**Work instruction**.
Repeat every record exactly, omitting the pictures.

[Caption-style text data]
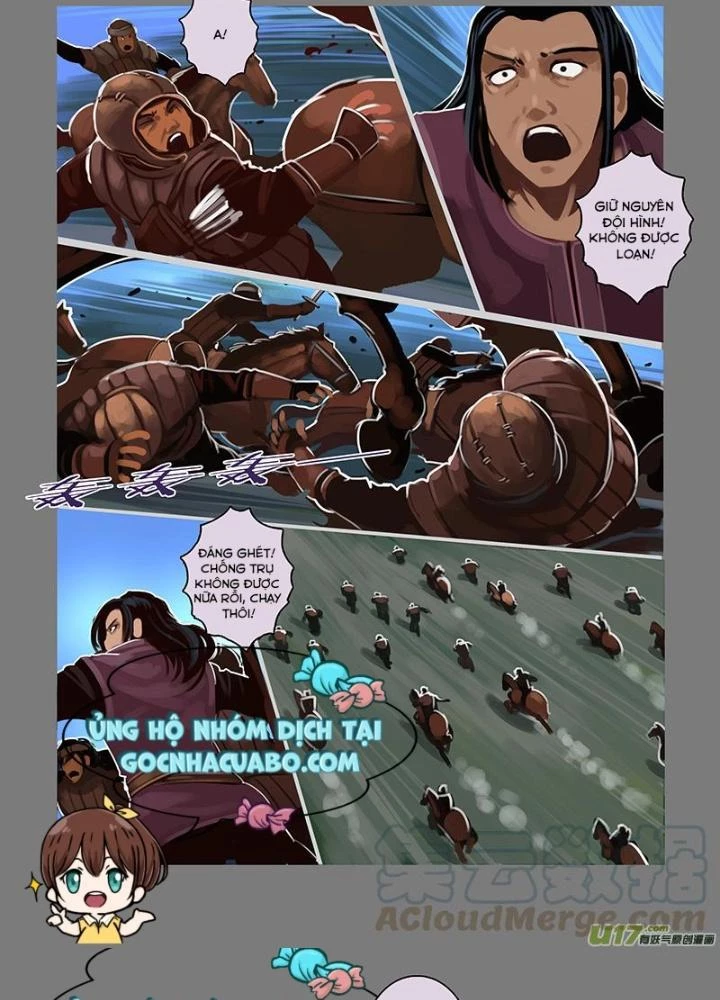 Sword Empire Chapter 60 - 21
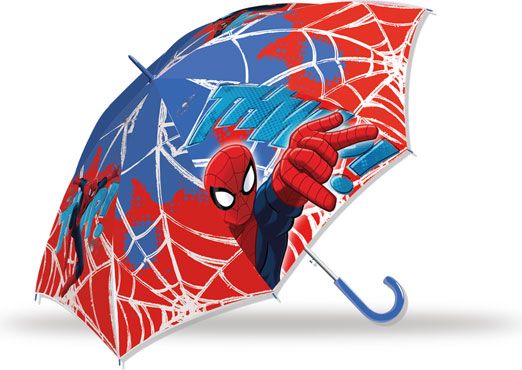 Euroswan Deštník Spiderman pr. 68 cm - obrázek 1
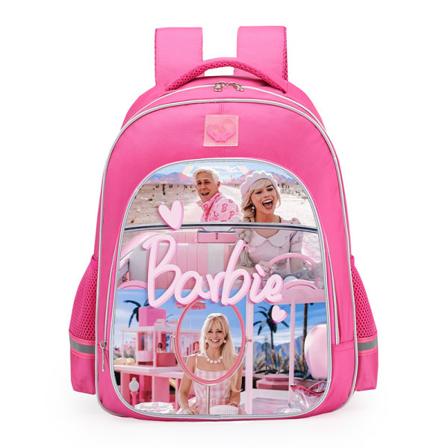 Barbie Princess Skole Taske, Tegneserie Studenter Rygsæk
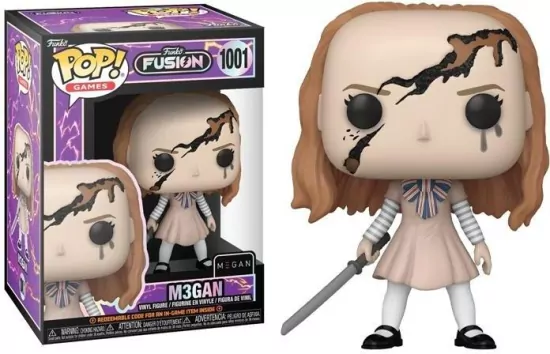 Funko Figurka POP Games: M3gan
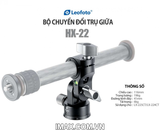 Ball Leofoto HX-22 Center Column Lock dùng cho LX-224CT ( Chính hãng )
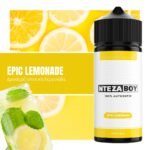 NTEZABOY Flavour shot Epic Lemonade ,Jurito υγρά αναπλήρωσης, υγρά αναπλήρωσης NTEZABOY ,NTEZABOY flavorsNTEZABOY αρώματα, NTEZABOY e-liquids, Jurito ηλεκτρονικό τσιγάρο Αθήνα, Παγκράτι,NTEZABOY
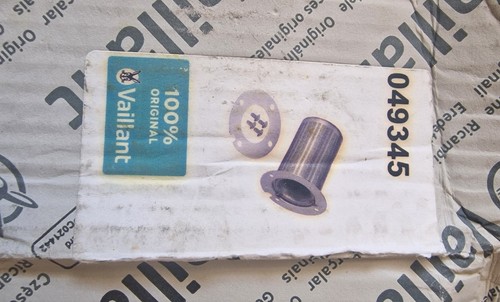 Bruciatore guarnizione - e,
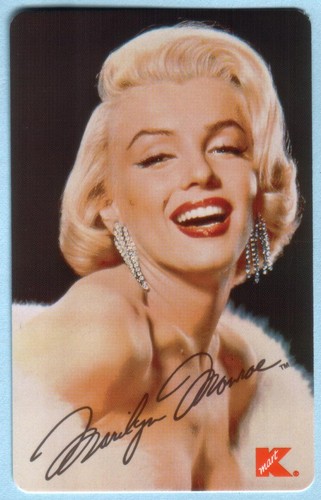 Marilyn monroe promozione - 3m, (promozione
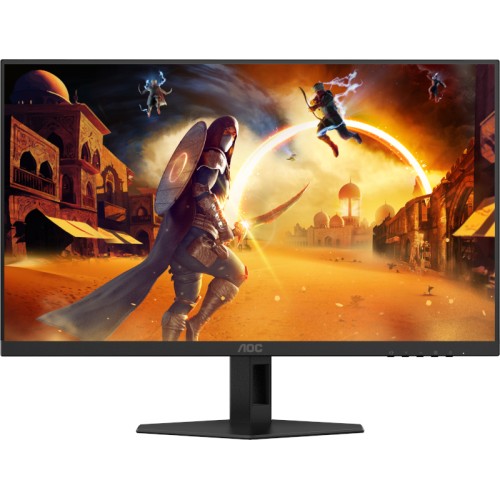 Monitor LED AOC Gaming AGON 24G4XE 23.8 inch FHD IPS 0.5 ms 180 Hz HDR G-Sync Compatible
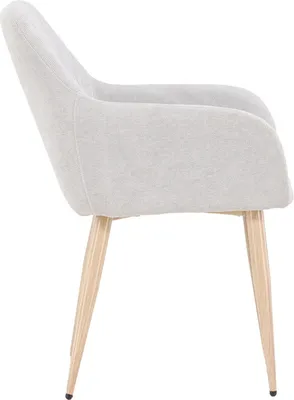 Produktbild von Venture Design, Gartenstühle, Comfort, hellgrau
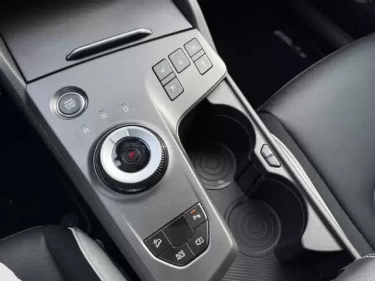 Foto van Kia Sportage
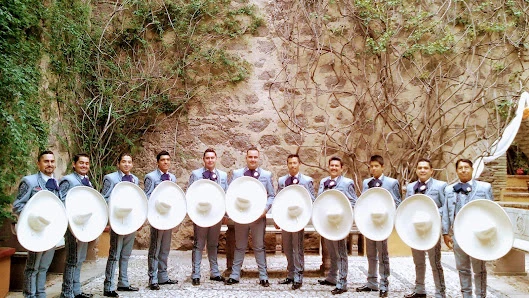 Mariachi Internacional Viva México Leon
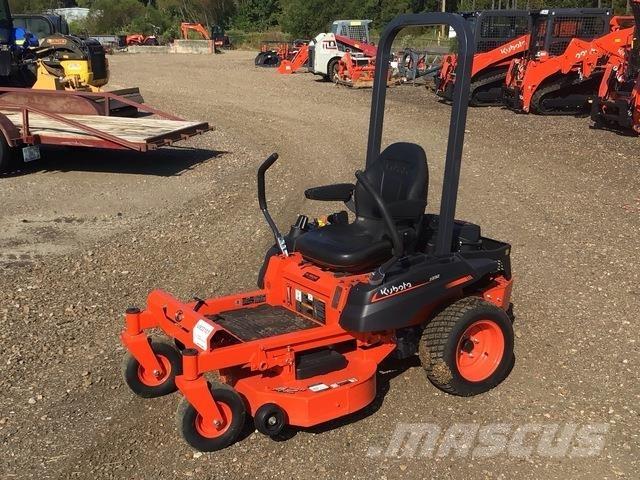 Kubota Z232KW Construção - Outros
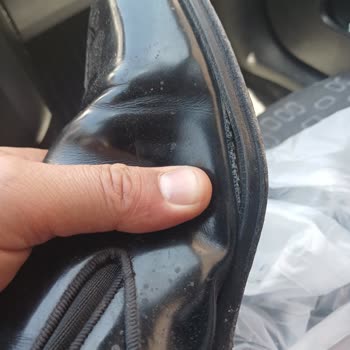 Kısa Sürede Deforme Olan Ayakkabı Ve Yetersiz Garanti Süreci Hakkında Hayal Kırıklığı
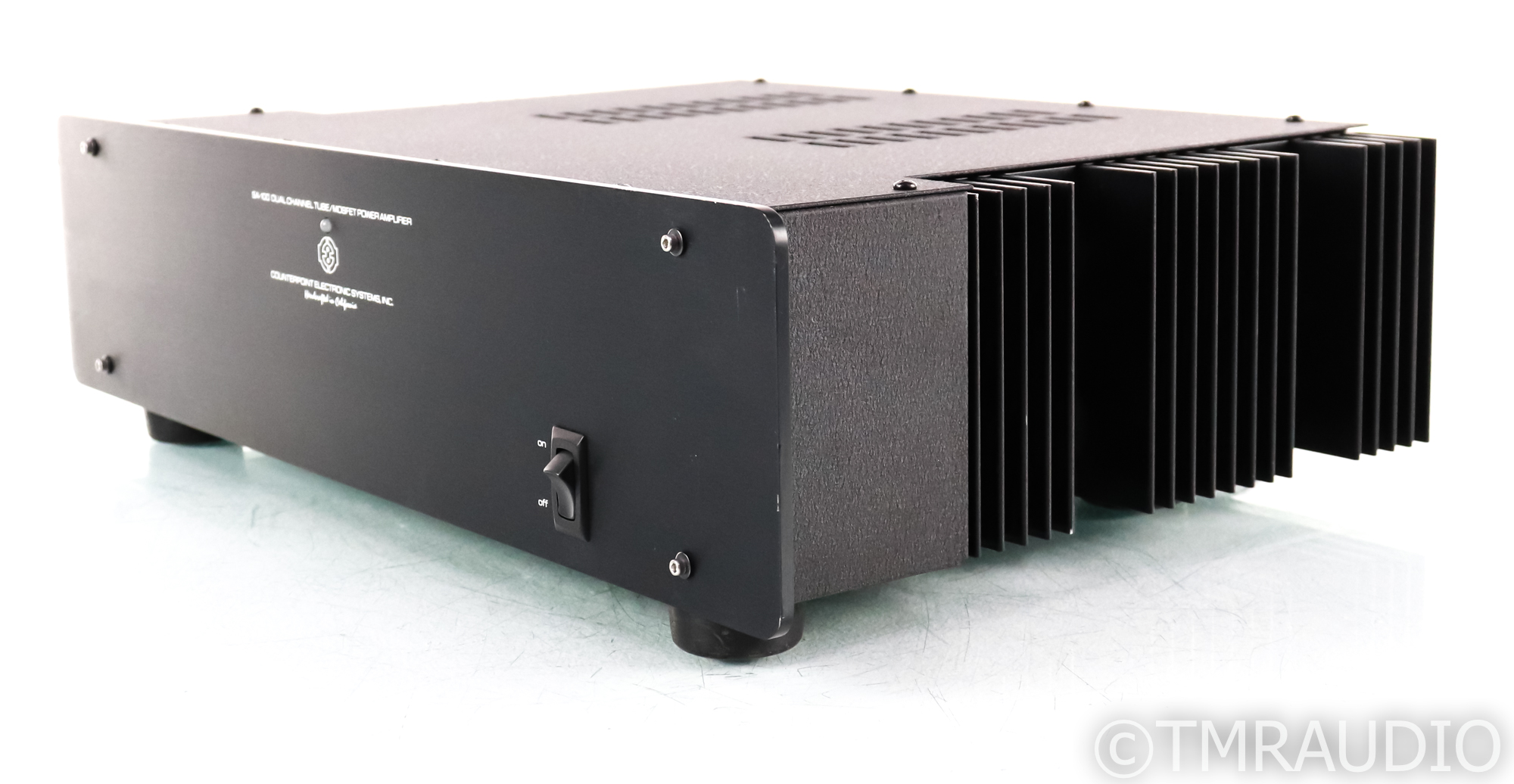 Counterpoint SA-12 Vintage Tube Hybrid Stereo Power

**Solution for this exercise**.
 Sword Empire Chapter 60 - 21
 Euroswan Deštník Spiderman pr. 68 cm - obrázek 1
 Barbie Princess Skole Taske, Tegneserie Studenter Rygsæk
 Funko Figurka POP Games: M3gan
 Ball Leofoto HX-22 Center Column Lock dùng cho LX-224CT ( Chính hãng )
 NTEZABOY Flavour shot Epic Lemonade ,Jurito υγρά αναπλήρωσης, υγρά αναπλήρωσης NTEZABOY ,NTEZABOY flavorsNTEZABOY αρώματα, NTEZABOY e-liquids, Jurito ηλεκτρονικό τσιγάρο Αθήνα, Παγκράτι,NTEZABOY
 Bruciatore guarnizione - e,
 Marilyn monroe promozione - 3m, (promozione
 Monitor LED AOC Gaming AGON 24G4XE 23.8 inch FHD IPS 0.5 ms 180 Hz HDR G-Sync Compatible
 Produktbild von Venture Design, Gartenstühle, Comfort, hellgrau
 Foto van Kia Sportage
 Mariachi Internacional Viva México Leon
 Kubota Z232KW Construção - Outros
 Kısa Sürede Deforme Olan Ayakkabı Ve Yetersiz Garanti Süreci Hakkında Hayal Kırıklığı
 Counterpoint SA-12 Vintage Tube Hybrid Stereo Power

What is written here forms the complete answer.